Let's first create two new datasets, training_data
and validation_data
, as well as their corresponding labels, training_labels
and validation_labels
.
# The first 15 images for male and female cats will be used for training
training_data = np.empty((30, 224, 224, 3))
training_data[:15] = data[:15]
training_data[15:] = data[20:35]
training_labels = np.empty(30)
training_labels[:15] = 0
training_labels[15:] = 1
# The last 5 images for male and female cats will be used for validation
validation_data = np.empty((10, 224, 224, 3))
validation_data[:5] = data[15:20]
validation_data[5:] = data[35:]
validation_labels = np.empty(10)
validation_labels[:5] = 0
validation_labels[5:] = 1
We create a fresh cat model (cat_model2
) that is identical to our previous cat model, except that we haven't retrained it yet.
cat_output2 = Dense(2, activation='softmax')
cat_output2 = cat_output2(model.layers[-2].output)
cat_input2 = model.input
cat_model2 = Model(inputs=cat_input2, outputs=cat_output2)

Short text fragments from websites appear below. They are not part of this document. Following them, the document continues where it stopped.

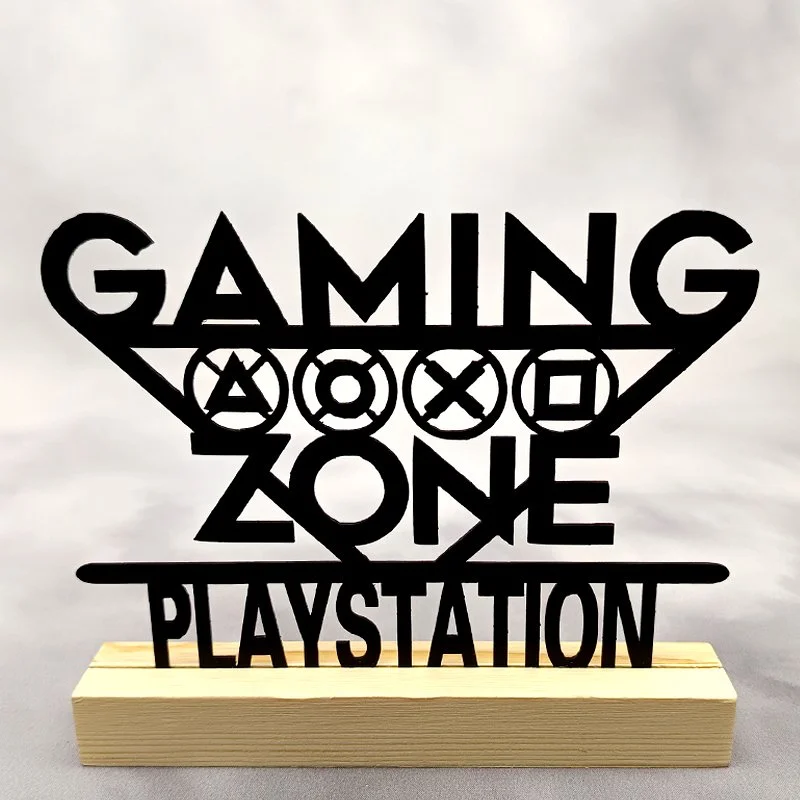 Déco métal sur socle -Gaming- GAMING ZONE SYMBOLE BOUTON PS «PLAYSTATION»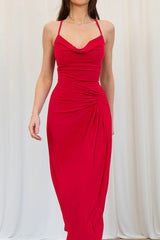 Halter Neck Tie Detail Evening Wrap Dress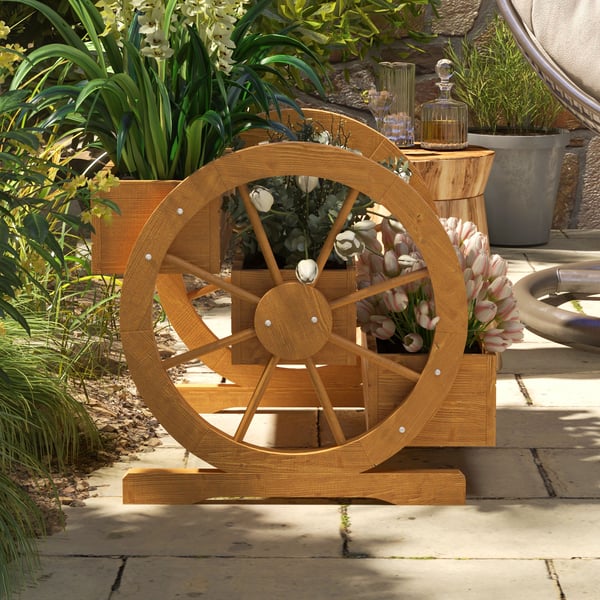 Plantekasse med vognhjul, 62x61x57 cm, teak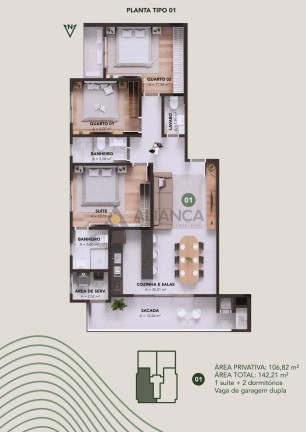 Imagem Apartamento com 3 Quartos à Venda, 106 m² em Centro - Navegantes
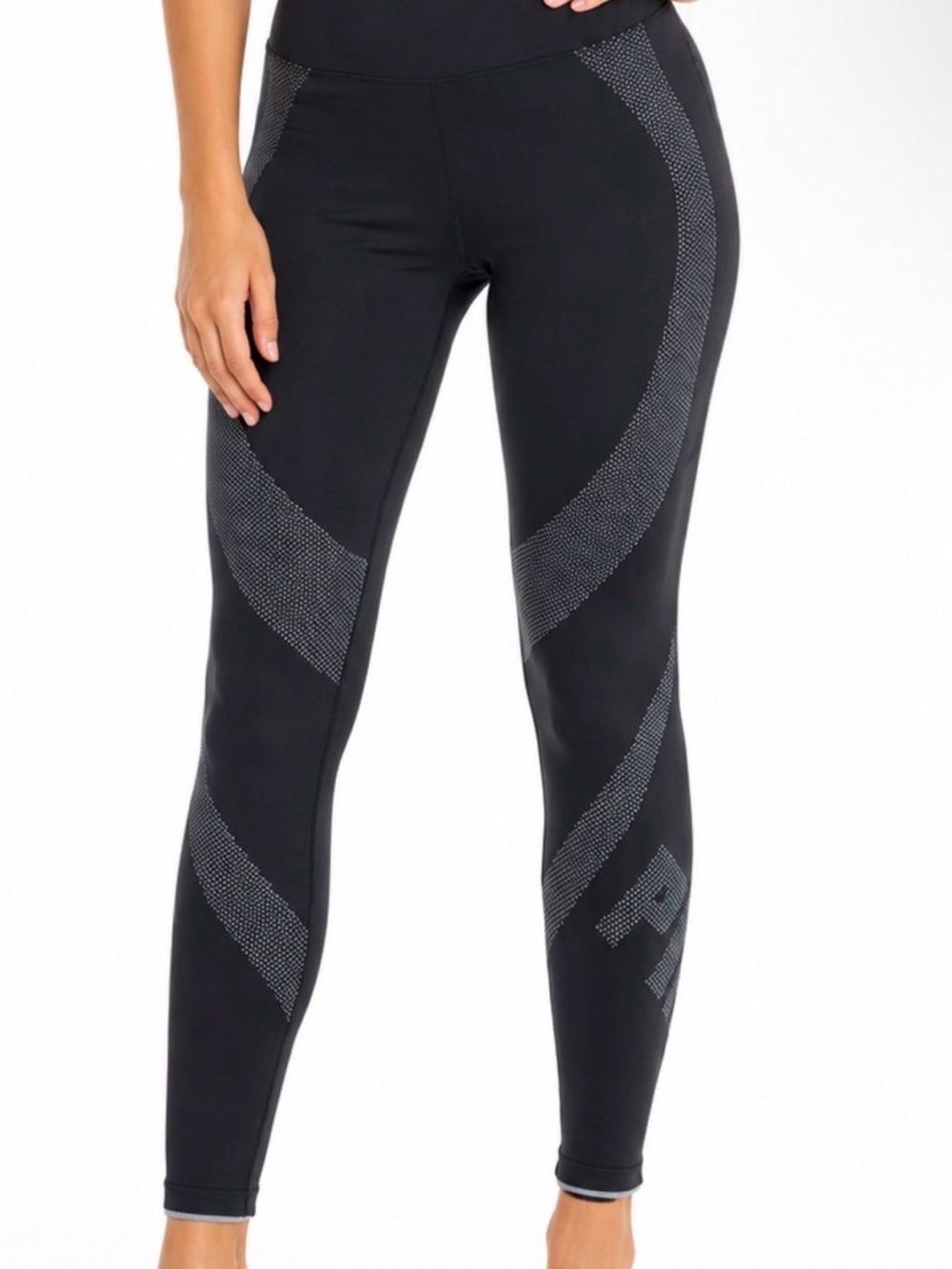 PINK Black Leggings with Silver Dot Accents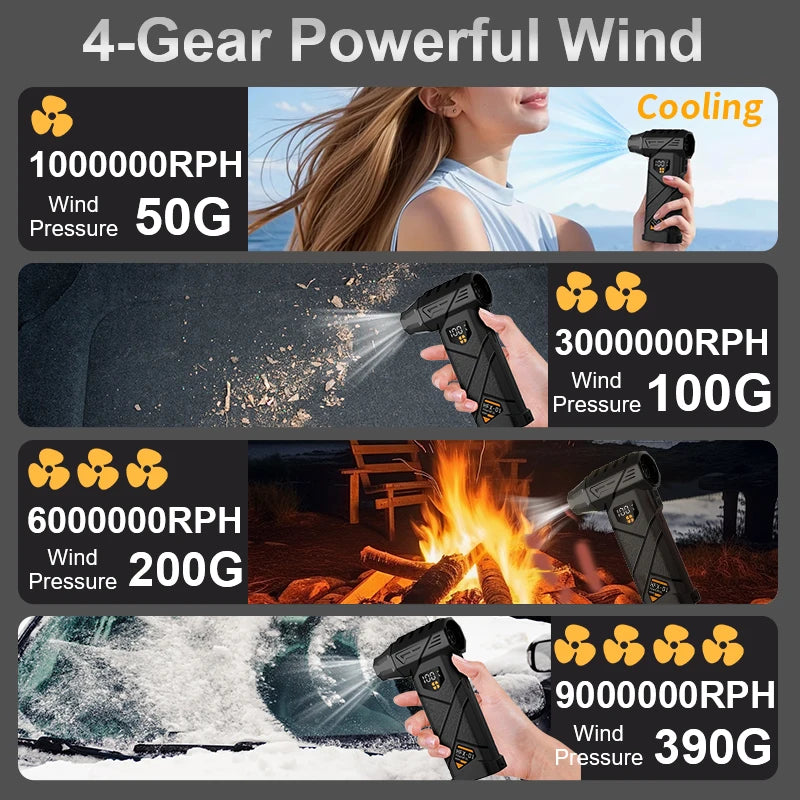 9000000RPH Turbo Jet Blower Violent Brushless Motor USB Rechargeable LED Light Portable Electric Air Duster for Car/PC Cleaning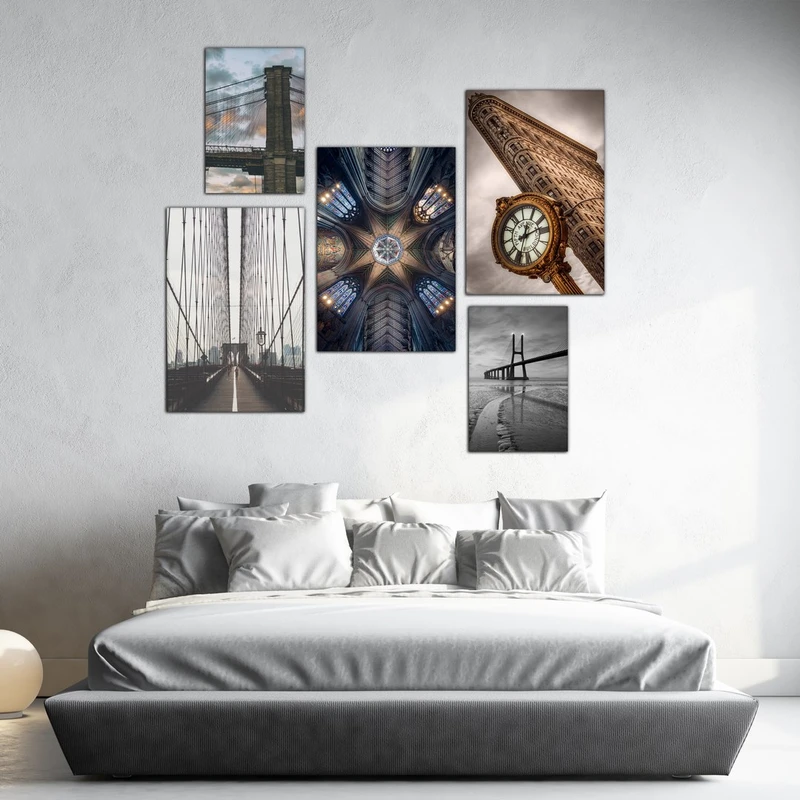 تابلو شاسی بکلیت طرح شهر مدرن مدل SH-430 مجموعه 5 عددی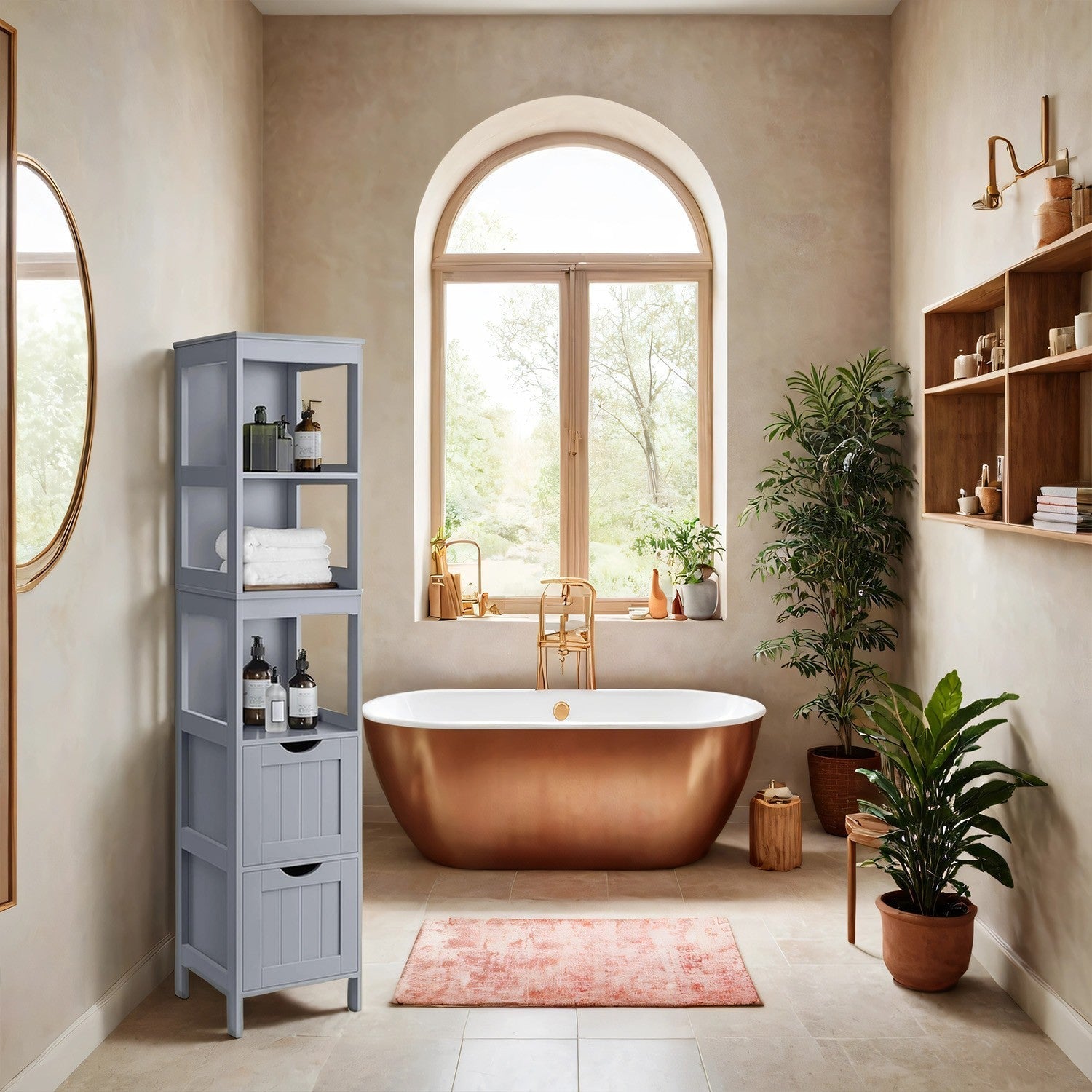 Freestanding Bathroom Floor Cabinet - 2 Drawers - Wood - Dove Gray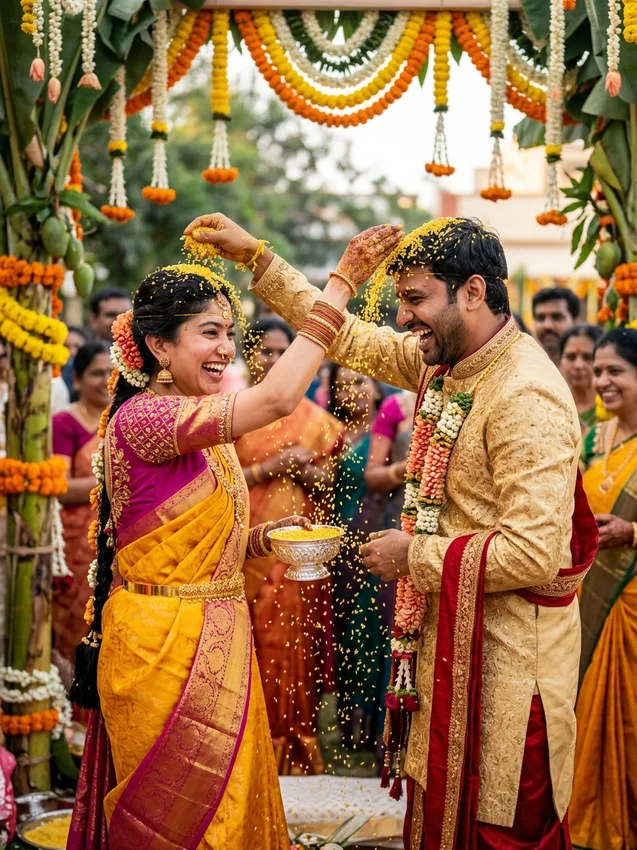South indian wedding ai images - talambralu holy rice shower turmeric pearls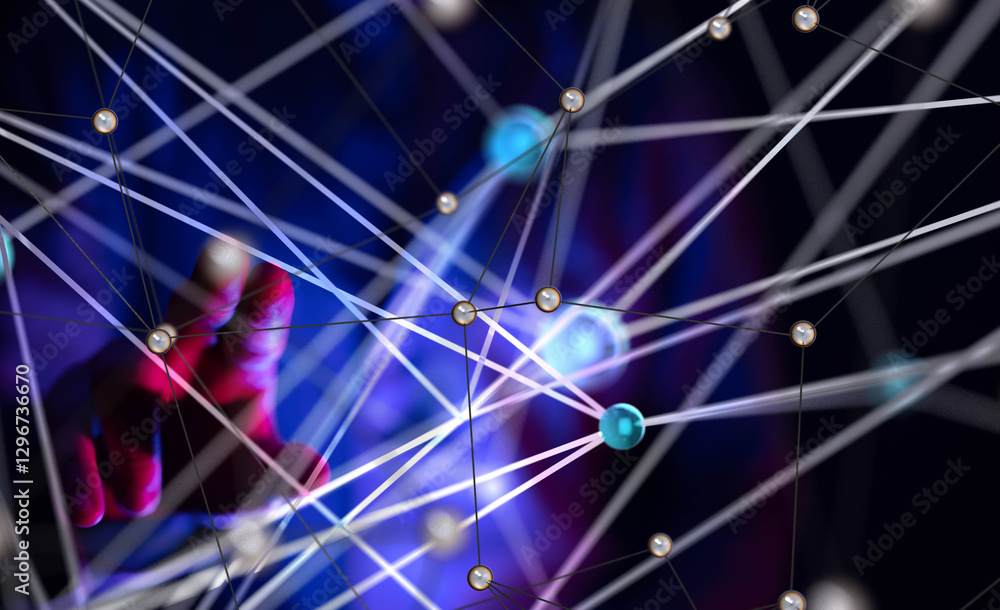 Fototapete Global network. Blockchain. 3D illustration. Neural networks and artificial intelligence. Abstract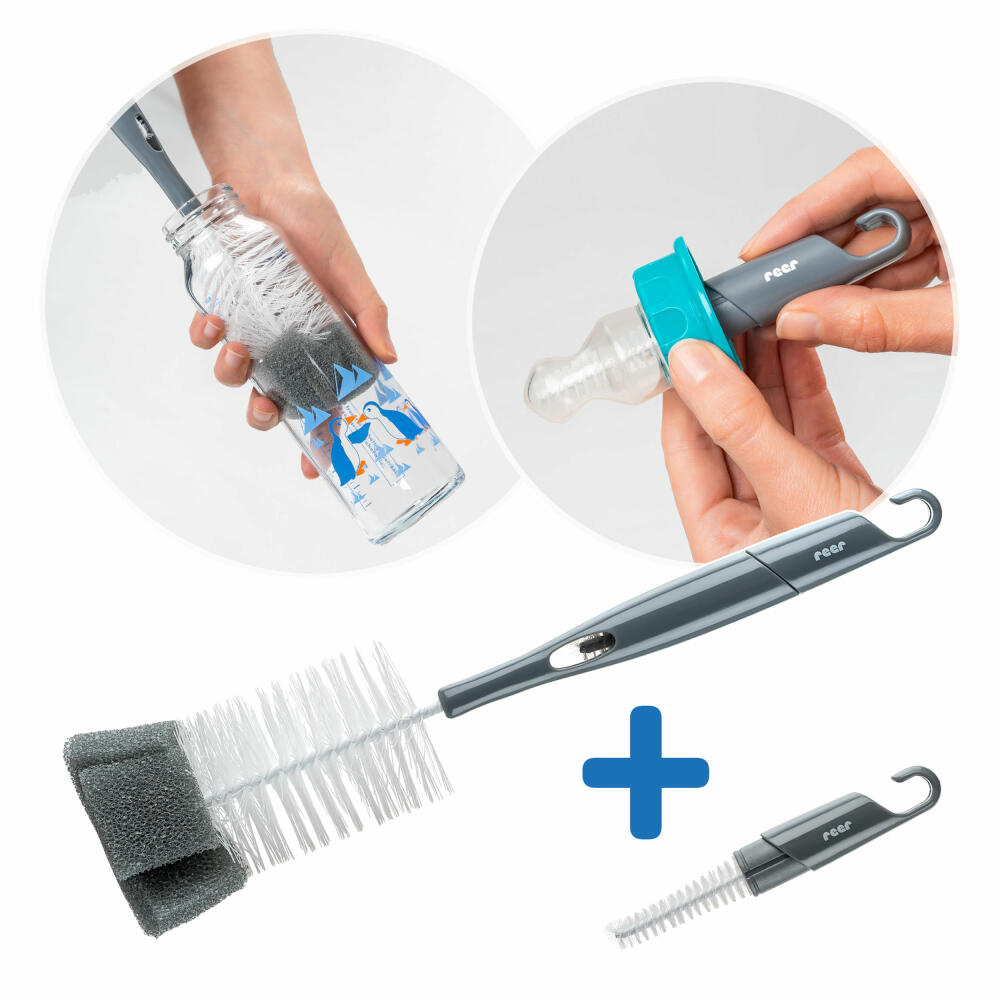 reer 2in1 Flaschen- und Saugerbürste, Reinigungsbürste, Bürste, Fläschen, Spülbürste, Schwamm, Grau / Weiß, 21031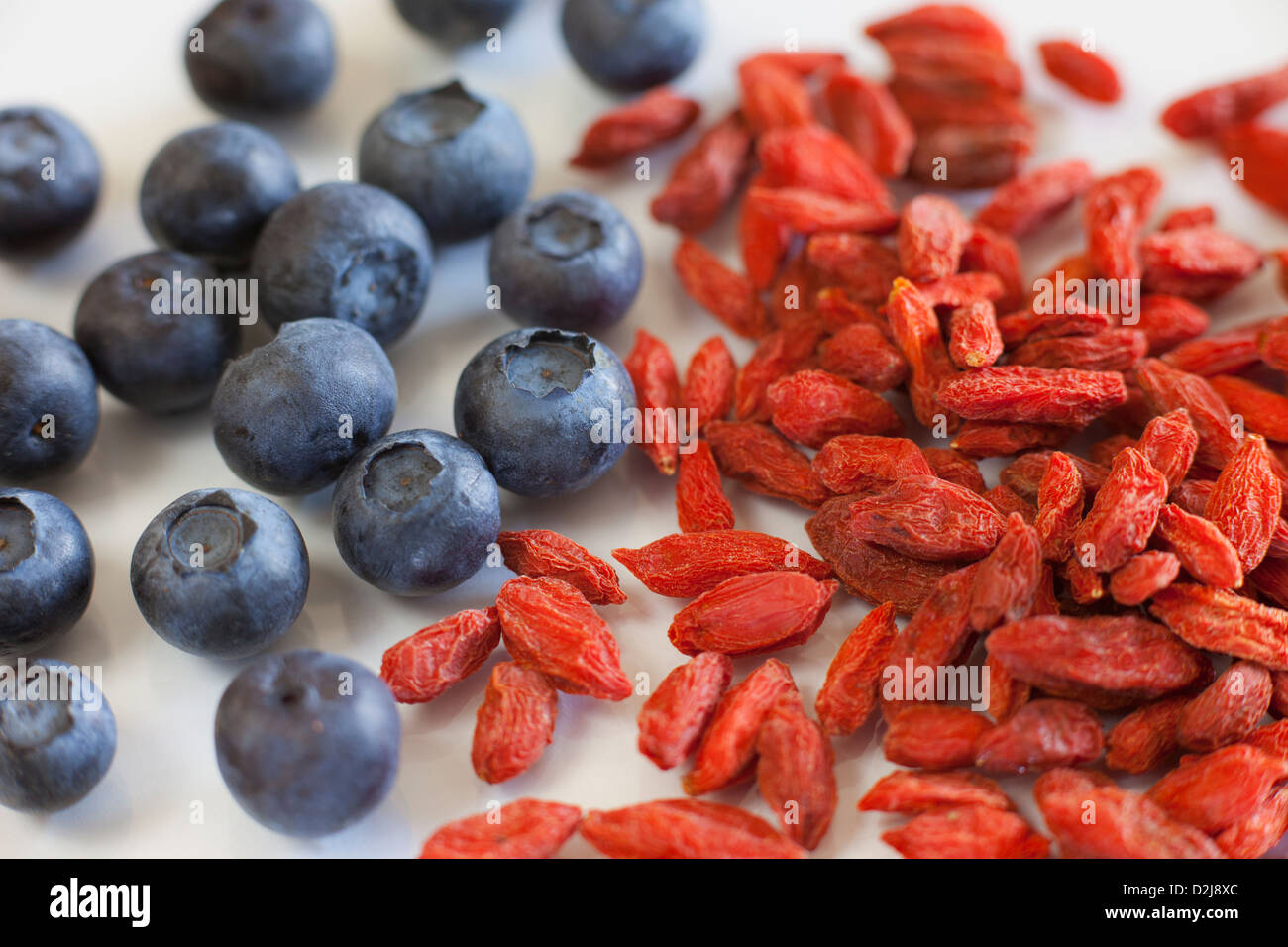 Two of the 'Superfoods' Blueberries and Goji Berries Stock Photo Alamy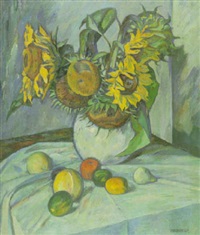 Stilleben mit Sonnenblumen und Früchten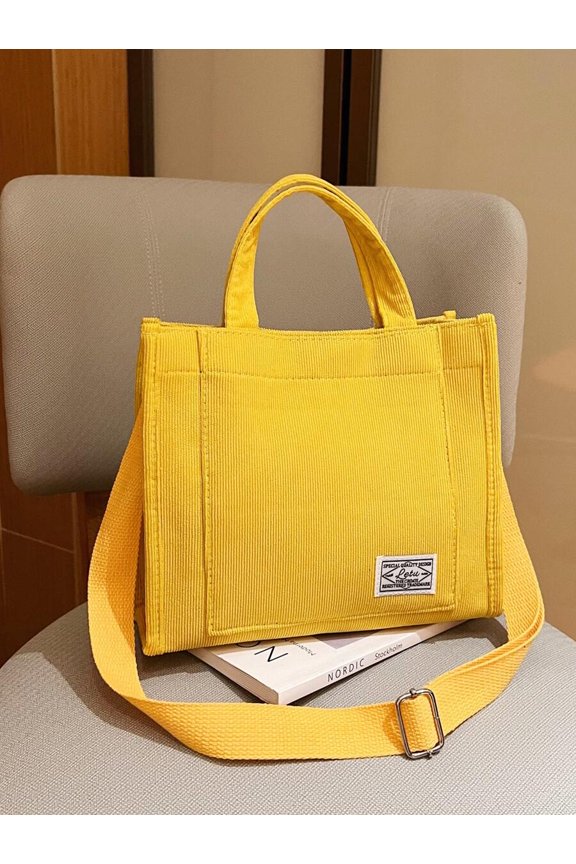 Yellow Top Handle Tote With Adjustable Crossbody Strap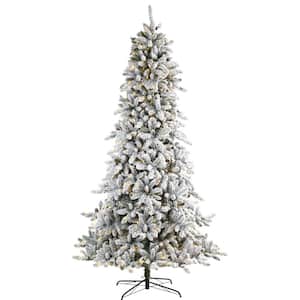 9 ft. Pre-Lit Flocked Livingston Fir Artificial Christmas Tree with Pine Cones and 650 Clear Warm LED Lights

for layer in cat_model2.layers[:-1]:
layer.trainable = False
cat_model2.compile(
optimizer='adam',
loss='sparse_categorical_crossentropy',
metrics=['accuracy']
)
We then retrain our fresh cat model, just as before, except that this time we use the validation_data
keyword to pass our validation data and labels as a tuple
.
cat_model2.fit(
x=training_data,
y=training_labels,
validation_data=(validation_data, validation_labels),
epochs=20,
verbose=2
)
Output:
Epoch 1/20
1/1 - 2s - loss: 0.7065 - accuracy: 0.6000 - val_loss: 0.8005 - val_accuracy: 0.6000 - 2s/epoch - 2s/step
Epoch 2/20
1/1 - 0s - loss: 0.6442 - accuracy: 0.6333 - val_loss: 0.8058 - val_accuracy: 0.6000 - 461ms/epoch - 461ms/step
Epoch 3/20
1/1 - 0s - loss: 0.5947 - accuracy: 0.6333 - val_loss: 0.8048 - val_accuracy: 0.6000 - 483ms/epoch - 483ms/step
Epoch 4/20
1/1 - 0s - loss: 0.5435 - accuracy: 0.7667 - val_loss: 0.8023 - val_accuracy: 0.6000 - 387ms/epoch - 387ms/step
Epoch 5/20
1/1 - 0s - loss: 0.4956 - accuracy: 0.8000 - val_loss: 0.8036 - val_accuracy: 0.4000 - 357ms/epoch - 357ms/step
Epoch 6/20
1/1 - 0s - loss: 0.4538 - accuracy: 0.8333 - val_loss: 0.8095 - val_accuracy: 0.4000 - 414ms/epoch - 414ms/step
Epoch 7/20
1/1 - 0s - loss: 0.4172 - accuracy: 0.8667 - val_loss: 0.8187 - val_accuracy: 0.4000 - 384ms/epoch - 384ms/step
Epoch 8/20
1/1 - 0s - loss: 0.3833 - accuracy: 0.8667 - val_loss: 0.8308 - val_accuracy: 0.4000 - 447ms/epoch - 447ms/step
Epoch 9/20
1/1 - 0s - loss: 0.3515 - accuracy: 0.9333 - val_loss: 0.8462 - val_accuracy: 0.4000 - 476ms/epoch - 476ms/step
Epoch 10/20
1/1 - 0s - loss: 0.3224 - accuracy: 0.9333 - val_loss: 0.8645 - val_accuracy: 0.4000 - 423ms/epoch - 423ms/step
Epoch 11/20
1/1 - 0s - loss: 0.2966 - accuracy: 0.9667 - val_loss: 0.8838 - val_accuracy: 0.6000 - 396ms/epoch - 396ms/step
Epoch 12/20
1/1 - 0s - loss: 0.2737 - accuracy: 1.0000 - val_loss: 0.9021 - val_accuracy: 0.6000 - 395ms/epoch - 395ms/step
Epoch 13/20
1/1 - 1s - loss: 0.2530 - accuracy: 1.0000 - val_loss: 0.9179 - val_accuracy: 0.6000 - 550ms/epoch - 550ms/step
Epoch 14/20
1/1 - 1s - loss: 0.2340 - accuracy: 1.0000 - val_loss: 0.9311 - val_accuracy: 0.6000 - 504ms/epoch - 504ms/step
Epoch 15/20
1/1 - 0s - loss: 0.2164 - accuracy: 1.0000 - val_loss: 0.9427 - val_accuracy: 0.5000 - 381ms/epoch - 381ms/step
Epoch 16/20
1/1 - 0s - loss: 0.2004 - accuracy: 1.0000 - val_loss: 0.9537 - val_accuracy: 0.5000 - 403ms/epoch - 403ms/step
Epoch 17/20
1/1 - 0s - loss: 0.1860 - accuracy: 1.0000 - val_loss: 0.9650 - val_accuracy: 0.5000 - 429ms/epoch - 429ms/step
Epoch 18/20
1/1 - 0s - loss: 0.1731 - accuracy: 1.0000 - val_loss: 0.9769 - val_accuracy: 0.5000 - 458ms/epoch - 458ms/step
Epoch 19/20
1/1 - 0s - loss: 0.1614 - accuracy: 1.0000 - val_loss: 0.9896 - val_accuracy: 0.5000 - 387ms/epoch - 387ms/step
Epoch 20/20
1/1 - 0s - loss: 0.1506 - accuracy: 1.0000 - val_loss: 1.0030 - val_accuracy: 0.5000 - 371ms/epoch - 371ms/step
As before, the (regular) accuracy goes up to 1. But crucially, the validation accuracy does not! This means that our model never really learned to distinguish male and female cats; it merely learned to recognize all of the exemplars that we trained it on, without being able to generalize this knowledge to new cats. This is called overfitting and often happens when a network is trained with a small dataset and/ or on a difficult task. (Both of which are true here.)
It's just really hard to tell apart male cat from female cats. That's also what Chris Longmore concluded.